Community and small commercial media need to maintain their independence, despite receiving preferential adspend from the government, Media Monitoring SA director William Bird says.
William Bird: Lines of editorial independence must not be blurred.
His comments came as the government revealed plans to dedicate 30% of its advertising budget to community and small commercial media to promote diversity in the industry. "It's a positive step in trying to make community media sustainable. We, however, need to be careful that the lines of independence won't be blurred," Bird said.

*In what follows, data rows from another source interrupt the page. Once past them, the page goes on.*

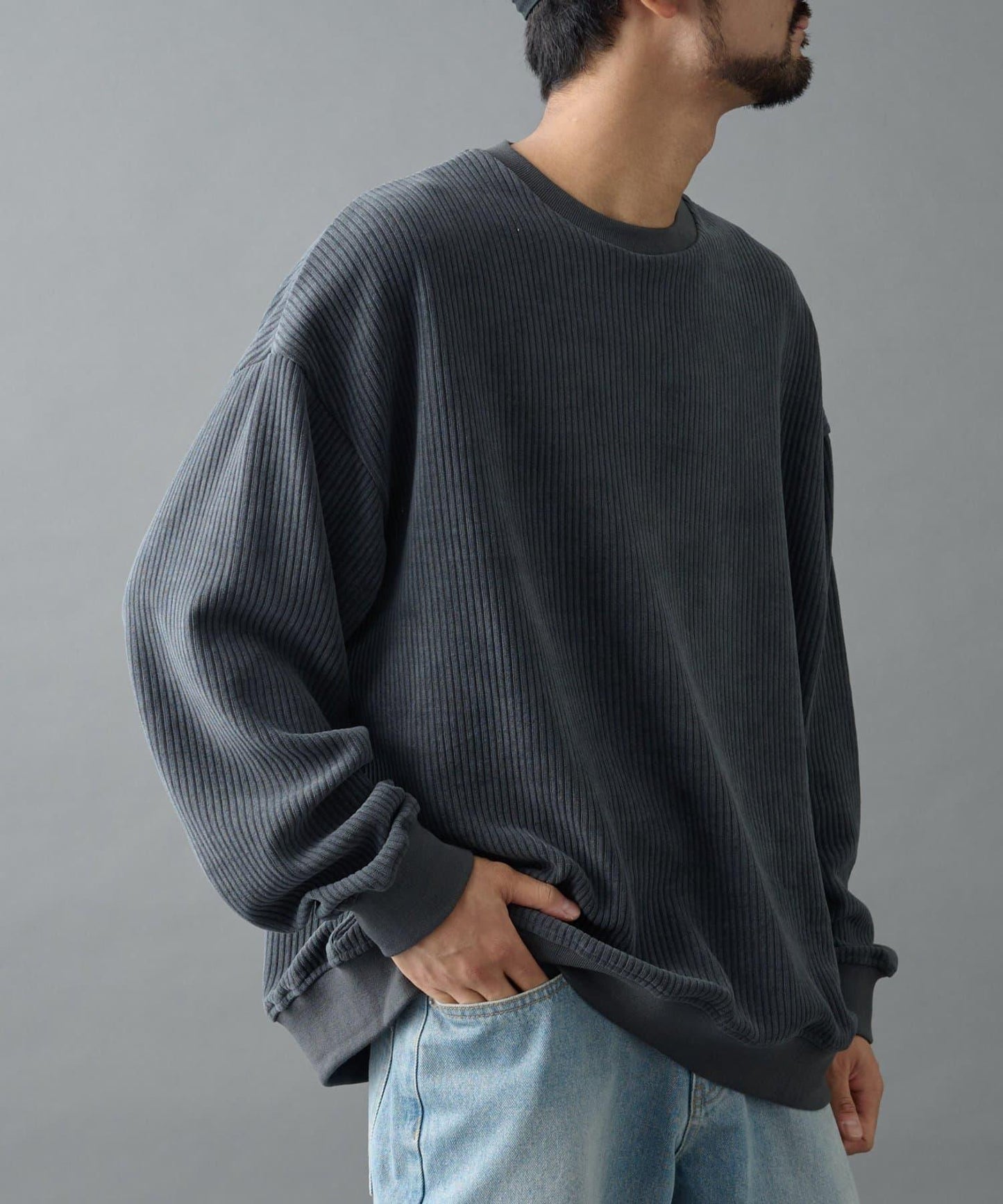 剪裁燈芯絨圓領衫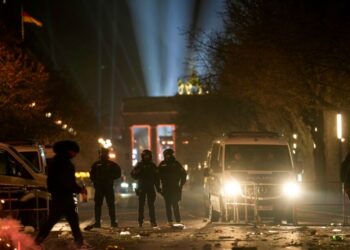 La Nochevieja en Berlín deja 420 detenidos y 30 policías heridos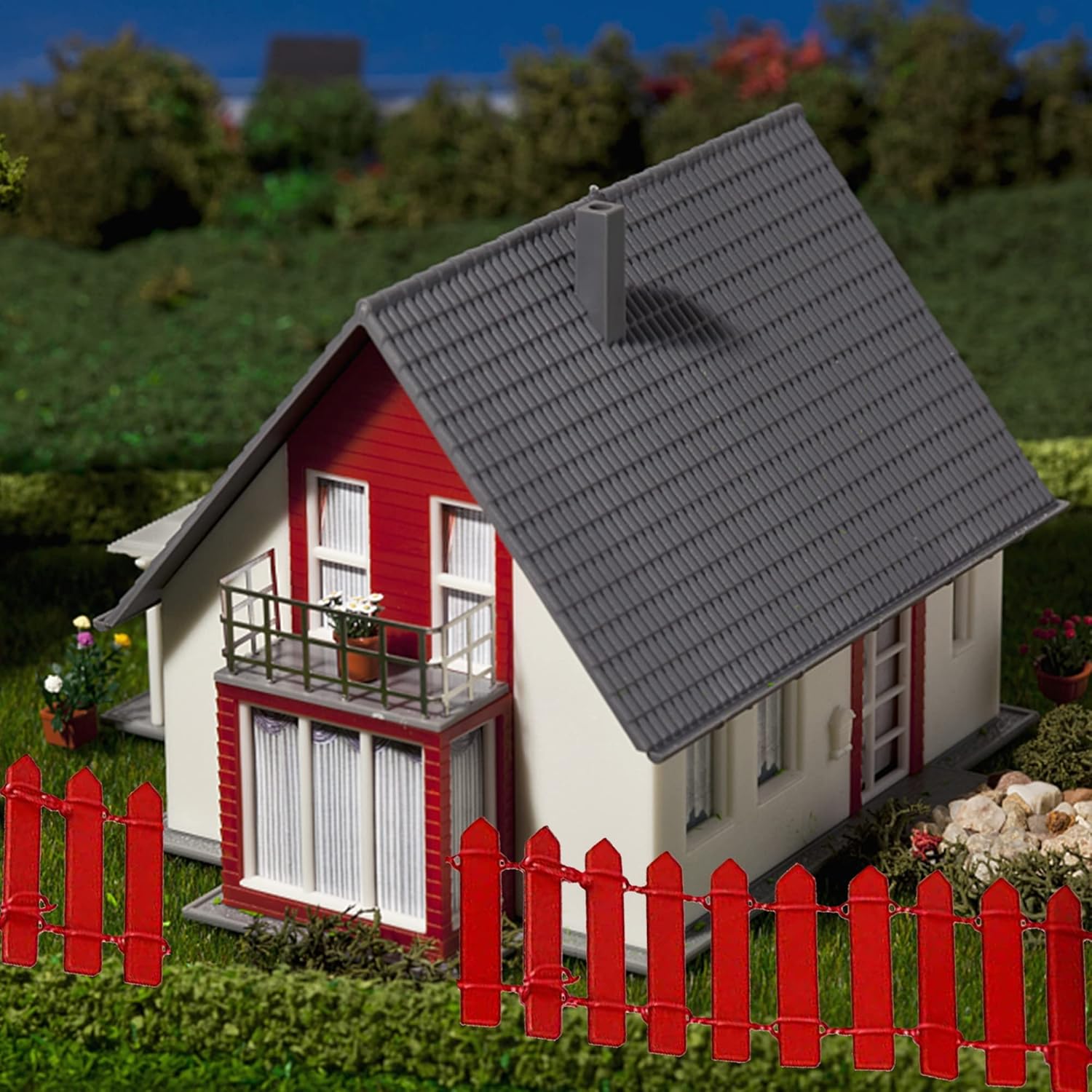 Miniature Fairy Garden Fence – DIY Wood Picket Fence Decoration for Terrarium, Succulent Pots & Dollhouse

Due to their small audiences mainly in outlying areas and often with little purchasing power, community media battle to attract advertising. The State-Owned Entities Communicators Association (SOECA) and the State-Owned Enterprises Procurement Forum (SOEPF) have pledged their support for community and small commercial media as defined by the Media Development and Diversity Agency (MDDA) Act.
Parliament's portfolio committee on communications had called for a minimum of 30% government advertising to be allocated to community and small commercial media.
In 2011 the Government Communication and Information System committed to work towards this goal. The SOECA and the SOEPF said their decision to support community and small commercial media was a response to the call made by parliamentarians. "Community media is a very strategic platform for state-owned enterprises (SOEs).
"Most of our SOEs and their programmes are fairly well known by consumers of mainstream media, but the same cannot be said about the consumers of community media," said SOECA president Congress Mahlangu.
"We have a responsibility as SOE communicators not to cut off community media audiences, wittingly or unwittingly, from the flow of information about SOEs," he said.
MDDA CEO Lumko Mtimde said: "The agency applauds the leadership of SOECA and SOEPF on giving meaning and effect to both the MDDA act and the call by Parliament's portfolio committee on communications."
Mtimde also said the move would ensure that community and small commercial media became sustainable, and continued to educate and provide information to communities.
Last year, Deputy Communications Minister Stella Ndabeni-Abrahams threatened to withdraw licences from community television stations that had adopted a commercial model.